Americans want reform so badly that they can practically taste it.  But like Tantalus, the Greek god neck-deep in water that would recede whenever he lowered his mouth, it finds that it’s always beyond reach.  So it will remain as long as this idiotic system stays in power – which, hopefully, won’t be for long.

Organ failure meanwhile leads to a diminished flow of oxygen to the brain, which is why political leadership is declining so dramatically.  American politicians weren’t always this stupid.  Barack Obama actually had some semi-smart things to say on occasion, although Putin still ran rings around him in Syria and the Ukraine.  But the quality of leadership since then has fallen off a cliff.  Donald Trump, Hillary Clinton, Joe Biden – what can one say about such sorry specimens except that each has proved worse than the next?  Clinton and Biden played leading roles in pushing through the 2003 invasion of Iraq, the single most disastrous decision in US foreign policy since Vietnam, and while Trump clearly exaggerated his own opposition to the war, the fact remains that he turned against it within a matter of months whereas Biden continued supporting it until 2008 while Clinton did so until 2014 when it was clear that she’d never get the Democratic nomination if she didn’t beat a retreat.  Trump’s sins pale in comparison to such blindness.  Russiagate, which every Democrat touted at the top of his or her lungs during the Trump years, was little more than a liberal version of QAnon, an absurd conspiracy theory about the Kremlin supposedly using $44,000 worth of Facebook ads to subvert the electoral system and take over the White House.  It was too far-fetched even for a loyal anti-Trump foot soldier like Robert Mueller, which is why he was forced to admit that collusion was unprovable.  But top Dems like the odious Adam Schiff continue to cling to it as if it were the gospel.  

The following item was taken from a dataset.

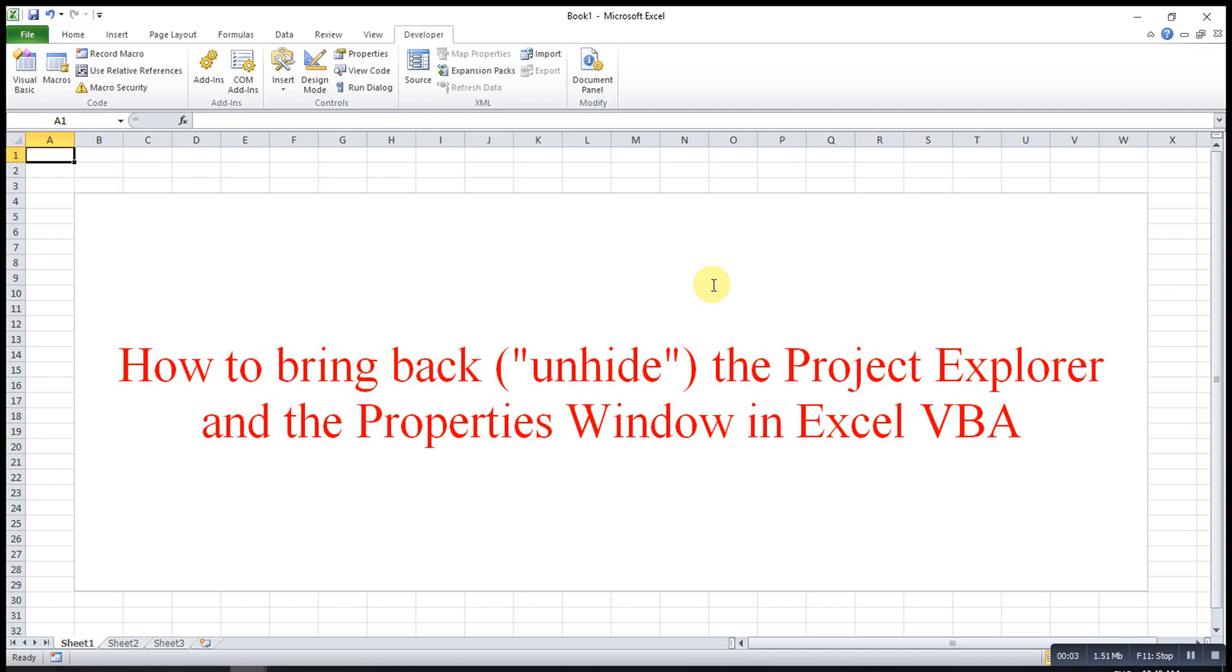Hi, this is Asen. Today I would like to share how to bring back or unhide the Project Explorer and the Properties Window in Excel VBA.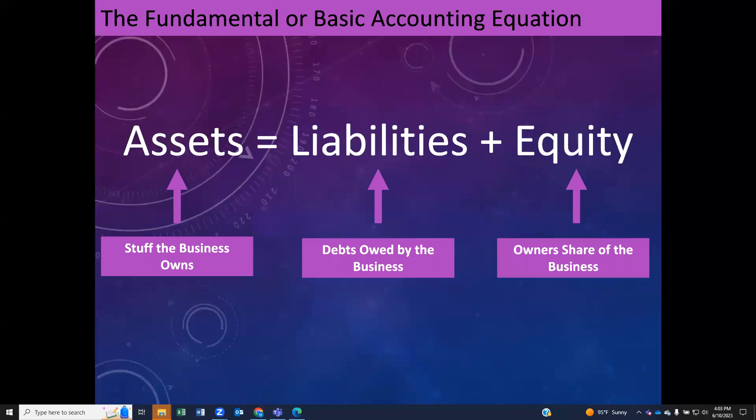Hey everybody. To get started, I just wanted to talk a little bit about some accounting basics — so basic, in fact, that it's called the basic accounting equation, or sometimes you'll hear it called the fundamental accounting equation. And the equation is that assets equal liabilities plus equity.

And now we have Biden leading us into war in the Ukraine.  The imbecility of a needless conflict with Russia is simply staggering.  It’s as if no one in Washington had ever read or even heard of Barbara Tuchman’s Guns of August (1962), a tale about how European powers allowed themselves to be dragged into an unwinnable conflict in 1914 simply because they were too feeble-minded or timid to throw the locomotive of war into reverse.  To be sure, imperial conflicts sometimes acquire a momentum beyond the control of ordinary statesmen.  But at least they know when they’re stumbling into disaster whereas Biden, Blinken, and the rest seem to have no historical consciousness at all.  They’re children living eternally in the present, yet that’s the only sort of leadership that the brain-dead American political system seems capable of generating at the moment.

All hegemons fall victim to imperial overstretch.  So we know from Paul Kennedy’s Rise and Fall of the Great Powers (1987), another cautionary tale that no one in Washington seems to have read.  Yet not only is the US falling into the same trap by looking for trouble in no less than three theaters of war, not only the Black Sea but the Persian Gulf and the South China Sea as well, but it’s also falling victim to political and economic disaster.  Government has stopped working, politicians have stopped thinking, generals have stopping winning, and Wall Street is going into a swoon. Collapse is over-determined, as the sociologists say, which is why the mood in Washington is so grim – and likely to grow even grimmer as the years unfold.

We’ll all have an opportunity watch what happens when the roof caves in. The coming period should thus be … interesting.  I promise to do a better job covering the next stage of the crisis than I did in the previous.